他の先生たちには、私との付き合いを内緒にしておきたかったはず……。

そのことが常に頭にあったからか、おずおず聞いてみたけれど、そんな私を真斗さんは今度はアハハと笑った。

「バレたっていいよ。由依子はイヤ?」

「ううん、全然イヤじゃない。だけど、真斗さんにとっては都合が悪いんだと思ってたから……」

すると、真斗さんはゆっくり首を横に振った。

「都合が悪いんじゃないよ。きちんとケジメをつけて、みんなに報告したかったんだ」

「きちんとケジメって……。え? でも、そんな付き合い始めから、私との結婚を考えてくれてたってこと?」

まさか、そんなことはないかと思ってすぐ、来島先生から聞いた真斗さんの結婚願望論を思い出した。

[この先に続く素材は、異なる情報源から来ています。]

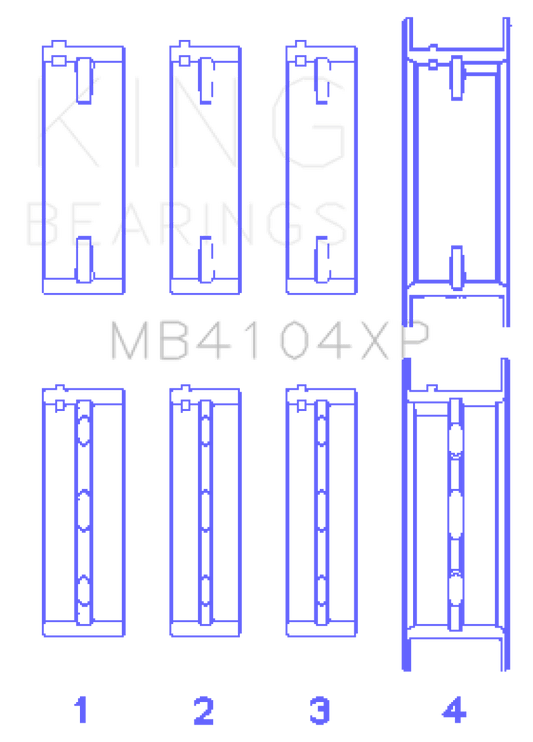 King Engine Bearings - King Nissan VG30DE/VG30DETT (Size STDX) Performance Main Bearing Set - Demon Performance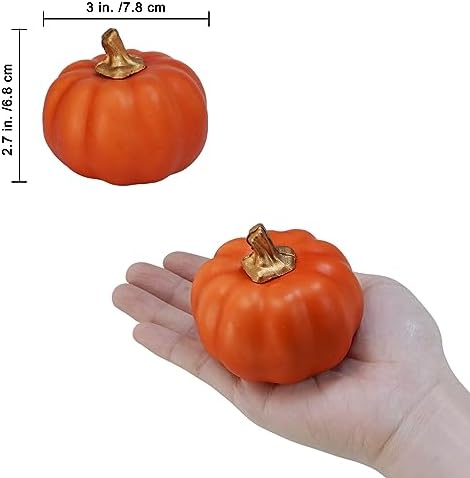 Winlyn 12 Pcs Small Harvest Orange Artificial Pumpkins Decorative Fall Pumpkins Dark Orange Faux Foam Pumpkins for Rustic Farmhouse Halloween Thanksgiving Party Table Centerpiece Autumn Home Décor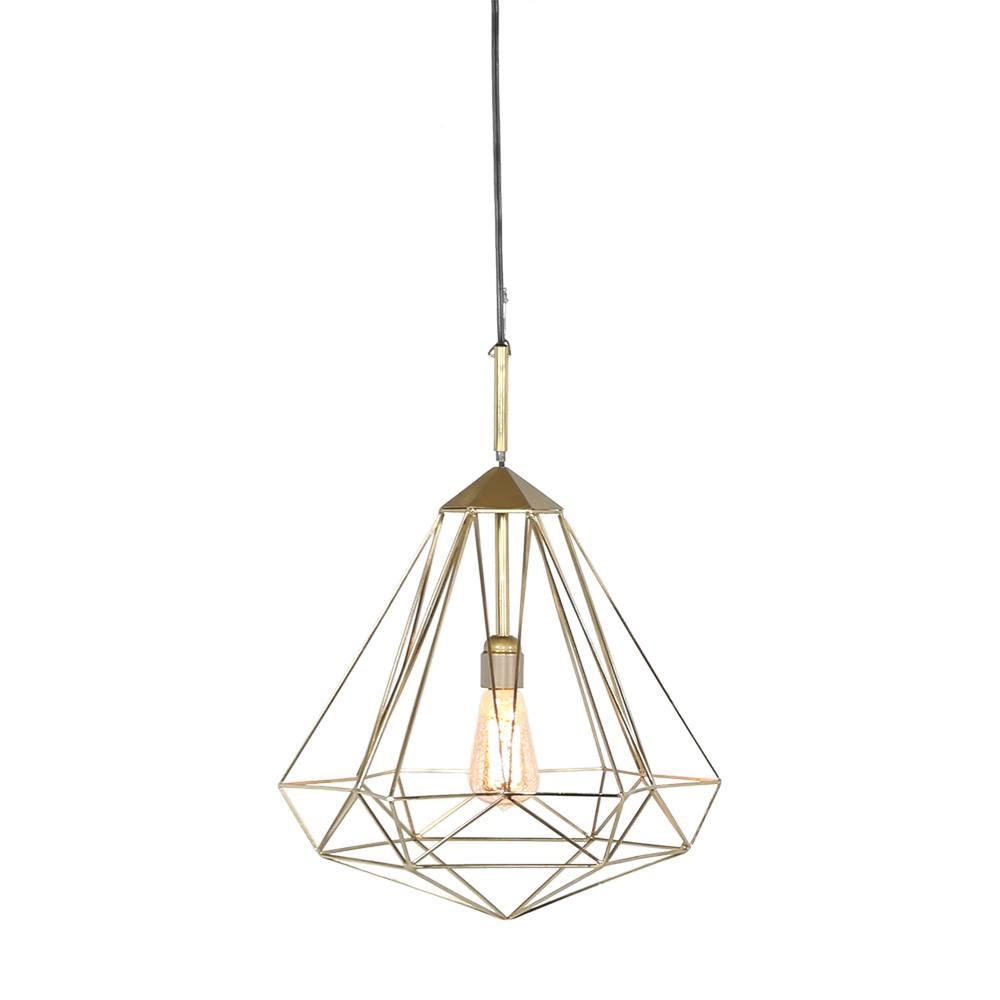 Hanging Geometric Cage Lamp - Gold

「真斗さんって、そんなに結婚に憧れがあったのね……」

思わず気持ちが口に出てしまうと、真斗さんは一気に恥ずかしそうに目を泳がせている。

さっき、プロポーズをしてくれたときより照れくさそうだ。

「憧れだったんだよ。温かい家庭を作ることが……」

ボソッと言われたそのセリフに、私は頬が緩んだ。

「うん。真斗さん、ありがとう」

その夢に、自分がパートナーとして選ばれたことが、なにより嬉しくて、込み上げる涙を抑えた。

ここは泣くより微笑むところ、そう思ったから。